To Wigmore’s list may be added the Federal Judicial Council and the many state judicial councils; the New Jersey court system; the Missouri plan for the selection of judges; longer judicial tenure; and higher standards for admission to the Bar. The Society has both shown the way to improved justice and stimulated the foundation of other agencies dedicated to some special field of the same purpose.

The two prime disgraces of the Episcopal Church are its neglect of scholars and of clergy placement. The Church Historical Society and the Historical Magazine, in calling the attention of its members and readers to the first of these, believe that a necessary first step is to describe conditions, and a second to formulate a program for remedies. It is in connection with each of these steps that this brief account of a reform movement in another profession has been given.

WHAT SHOULD BE DONE?

LET it be noted that the productive scholars of this Church are as unselfish a group of men as any it possesses. They labor at study, research and writing without any expectation of financial reward, and even without any assurance that the fruits of their labor will be published.

Our first proposal is that, to aid the cause of research in Church history, the publication fund of the Church Historical Society should be enlarged.

As it is, the Society has to finance its publications on a shoestring.

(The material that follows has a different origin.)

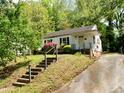 Exterior home view with beautiful landscaping including azaleas and mature trees at 810 Nancy St, Durham, NC 27701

The increased cost of printing makes such an increase in its financial resources imperative. For example, the cost of printing a normal clothbound volume today is from $2500 to $3000—no other expenses such as advertising and promotion included. Pre-war costs of the same volume would have been from $1500 to $2000.

Our second proposal is that our theological seminaries should be strengthened. The theological seminary is an institution indispensable to the welfare and growth of the Church. Every one of them is undermanned as to faculty. Every member of every faculty, who has any gift for productive scholarship, is so overloaded with routine work that he has insufficient leisure to develop his God-given gift for research.

For example, in more than one seminary the professor of Church history not only teaches the whole field of that subject, which is too much in itself for any one person, but he is often saddled with liturgies and canon law, or some other such subject.

The Church’s laymen have for decades given lavishly to non-Church colleges and universities, and have left the Church’s theological seminaries to starve. How shortsighted! How can they expect their own parishes to be served by well trained clergy?

Fellowships, similar to the Guggenheim Fellowships, should be founded in connection with our theological seminaries, that persons gifted in research pertaining to the Kingdom of God may spend a year or two in intensive study without having to worry about where the next meal is coming from.

From 1607, even unto this day, the American Episcopal Church has been greatly dependent upon the scholarship of the Church of England. But one thing is certain: if we do not develop our own historians, the story of the American Church will not be written. To expect English scholars to devote themselves to American Church history is to expect the impossible; and to expect the impossible is to presume upon God’s goodness.

Let us therefore make it possible to raise up our own scholars and to erect our own scholarship—to the glory of God, to the upbuilding of His Church, and to the extension of His Kingdom.